Petrol Lounge is essentially a giant warehouse where people get to store their most beloved possessions on wheels and desperate car lovers like myself patiently wait outside the door until someone lets them in. Nobody really wanted to let me in but since I looked so pathetic, someone probably felt bad and reluctantly decided to unlock the door.
As I walked in, I wondered...if it’s called the Petrol Lounge, does that mean that no Teslas are allowed here? Especially the ones that have vanity plates that state “NO GAS”? Maybe a Tesla could call Petrol Lounge its home…but only for the right price. Of course I’m only joking. I’m sure Teslas are welcomed here: they’re just stored in the basement - out of sight and out of mind.
What you find inside Petrol Lounge are cars like a Ferrari F40, a Porsche 918, a Shelby Daytona coupe - a laundry list of collector vehicles purchased by owners who are hoping to make a higher return on automobiles than investing in other things. Why buy stocks when you can buy cars?
Besides being a home for fancy cars, Petrol Lounge also has a place to hang out, play racing games, pool or race slot cars on a giant track. If you’re lonely and love cars, then this is the place for you…actually not really. This is a place reserved for owners who are paying money to store some of the most valuable cars in the world.
What were they thinking by letting me in??
As long as you’re willing to pay $300 a month to have your vehicle be pampered in a way that 99.99% of humans on this planet can only dream of, then you can consider yourself a member of the Petrol Lounge.
It just so happened that loitering on a bright sunny Saturday morning meant that I could tag along on “fancy car drop-off duty”. On this particular day, we had to deliver both a McLaren and a Raptor to their owner.
First up was a 2012 McLaren MP4-12C. It certainly looks the part of a supercar but the rounded edges do take away from the “in your face” aggression that, I think, a supercar should have. The design could’ve been a bit more edgy, although the overall lines of the car were undeniably attractive.
If you own a McLaren and want the world to see you getting into one, then be sure to have one thing figured out real well. Master it. If you just bought the McLaren, then practice it over and over so that it becomes second nature before you’re seen in public. If at this point you’re probably wondering - what the hell are you talking about - don’t worry, just keep reading!
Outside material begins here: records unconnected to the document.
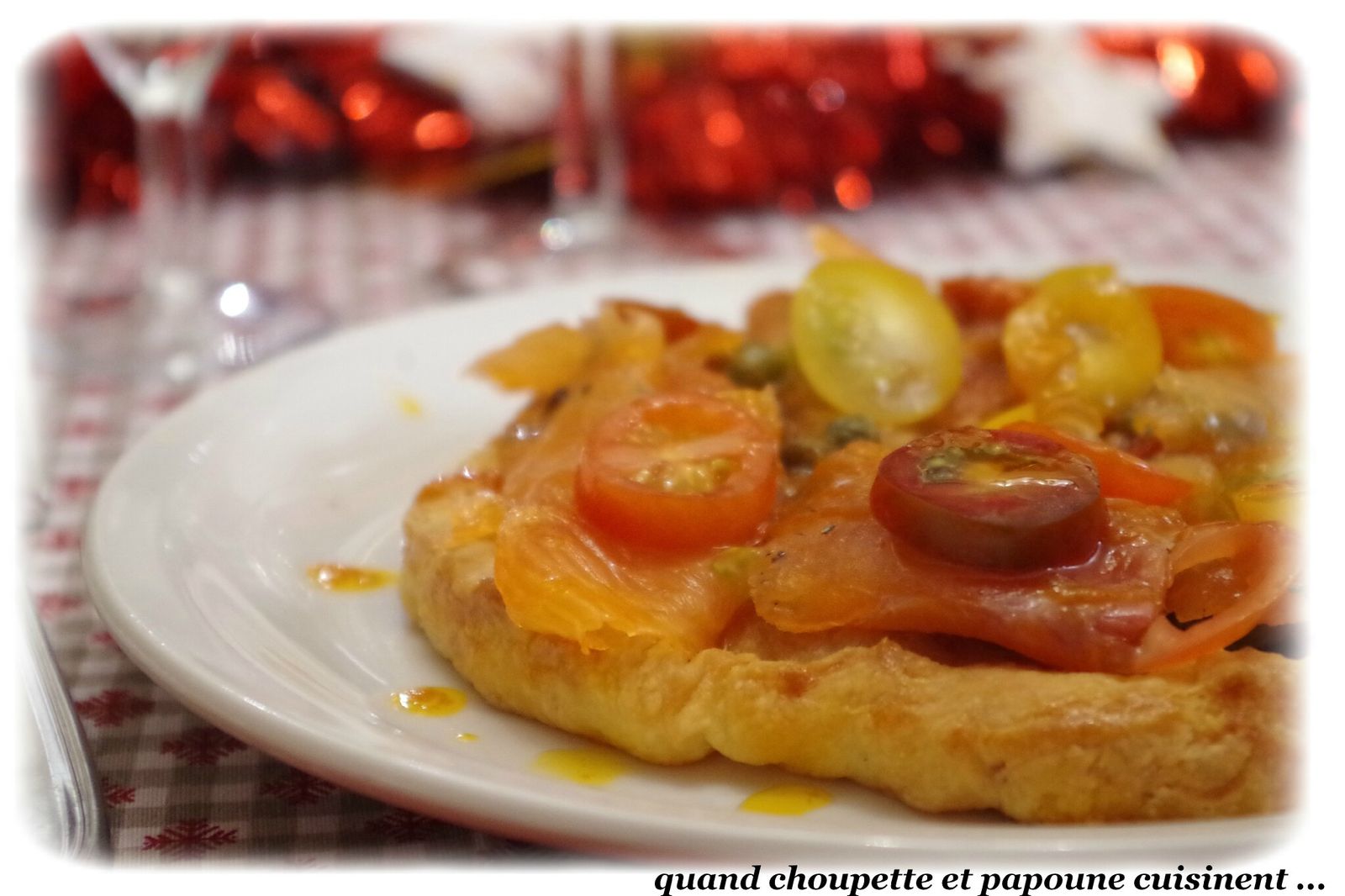TARTE DE TOMATE AU GRAVLAX, VINAIGRETTE AUX CÂPRES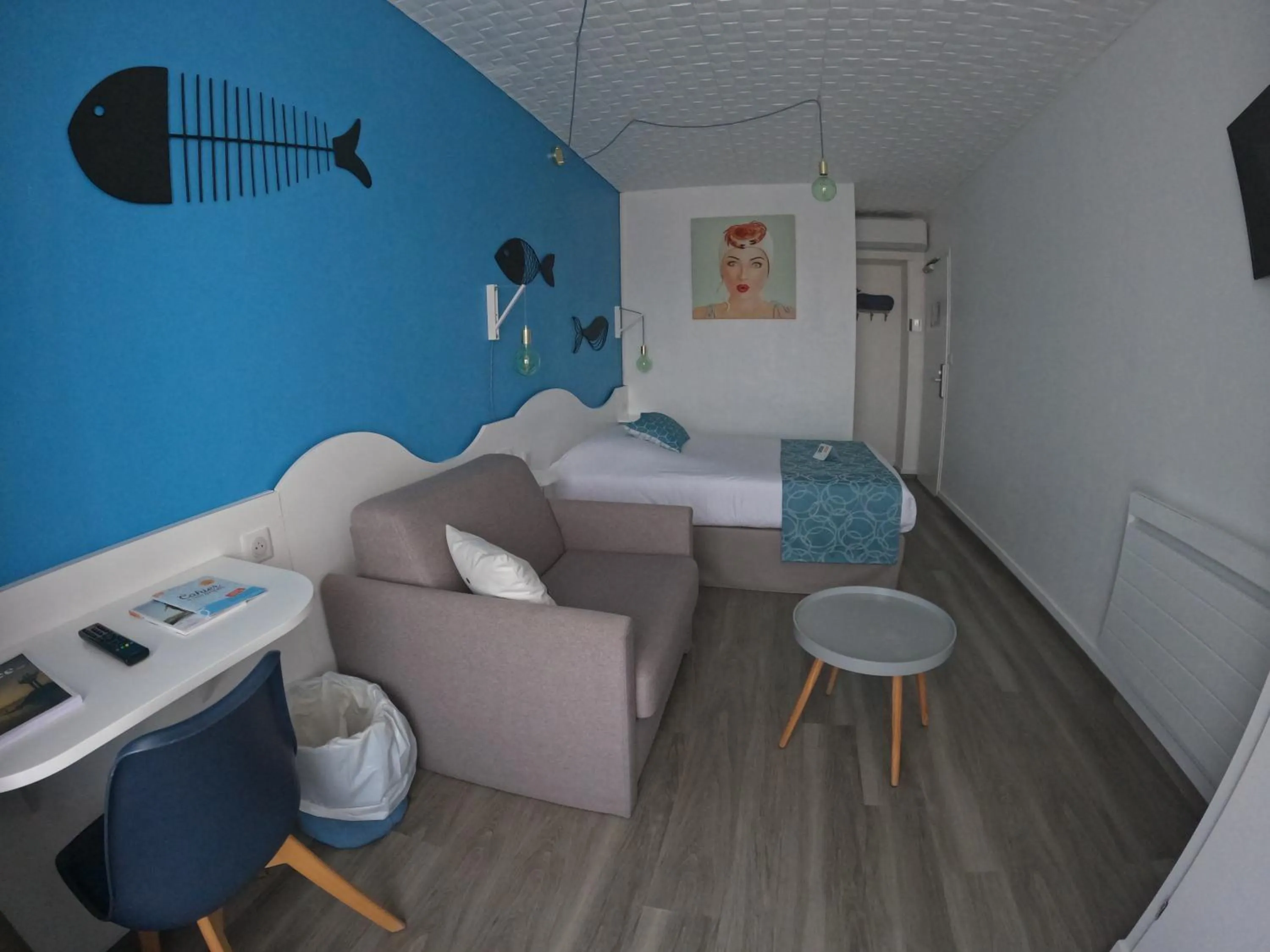 Seating area, Bed in Hotel La Cote Oceane- Bureau- 250 m plage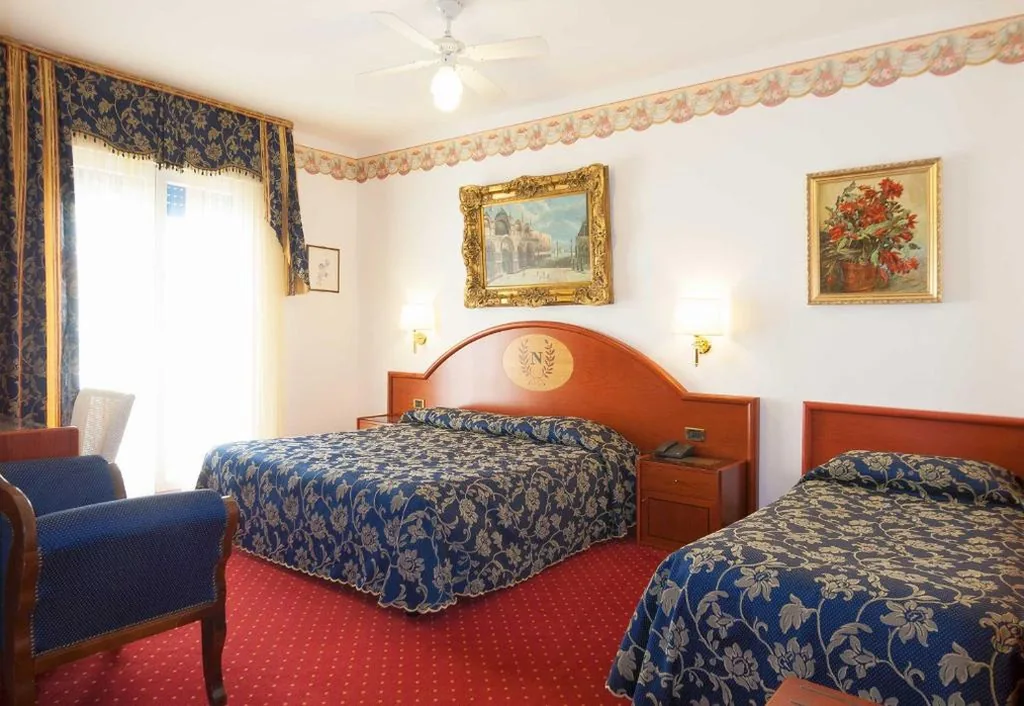 Camera Tripla Superior — Hotel Napoleon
On the Mclaren, there is no door handle. Instead, there is only a sensor hidden underneath the exterior paneling with no indication of where the sensor might be (
see picture above
). And unless your fingers are right on the sensor, the door wont open.
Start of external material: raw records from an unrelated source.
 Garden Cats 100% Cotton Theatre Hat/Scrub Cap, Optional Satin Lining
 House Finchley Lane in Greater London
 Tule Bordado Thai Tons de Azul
So, here is a completely plausible scenario. Let’s say you’ve either just won the lottery or sold your business or perhaps you’ve decided to spend 80% of your paycheck on a car payment and got your hands on a brand new McLaren. You’re feeling euphoric and you show up to Walgreens to fulfill your beef jerky craving in your newly purchased supercar.
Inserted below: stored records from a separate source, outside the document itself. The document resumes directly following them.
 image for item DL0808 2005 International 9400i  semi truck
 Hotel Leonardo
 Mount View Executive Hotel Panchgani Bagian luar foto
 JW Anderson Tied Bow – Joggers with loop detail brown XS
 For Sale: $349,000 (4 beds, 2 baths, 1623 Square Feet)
You leave Walgreens and strut confidently, like the superstar you are, towards your beautiful exotic and place your hand on the door to open it. You are immediately humbled when precious seconds go by and you can’t open the door. As time keeps ticking away, humiliation soon replaces your quickly deflating ego, as people start staring at you and wondering why you’re caressing your McLaren as you move your hand up and down the door paneling trying to find that pesky sensor.
They just don’t realize that you’re in a deep and complex relationship with your McLaren.
They’ll never understand.
Once you find your way into the McLaren, the interior actually feels quite snug and small. It’s deceptive since the MP4-12C is much bigger and wider than you’d think with the majority of the car being behind you. And, of course, as with any supercar you can’t see anything out of it.
On the road, the power is intense. 592 hp is a lot for a car that barely weighs 3200 lb. At high rpms, the engine roar sounds great, but the power was too much for the tires to handle. When they did grip the road though, the car accelerated unbelievably quickly. It’s a rush of adrenaline as you get pushed back into your seat.
I assumed that the McLaren would be more luxurious and quieter than it was by the looks of it, but there was a unrefined quality to it which I actually enjoyed. The ride was relatively harsh and you quickly realize that the only place that this car belongs at is a race track. Driving around town, it’s unfulfilling since you know that you can never come close to anything that this car is capable of achieving.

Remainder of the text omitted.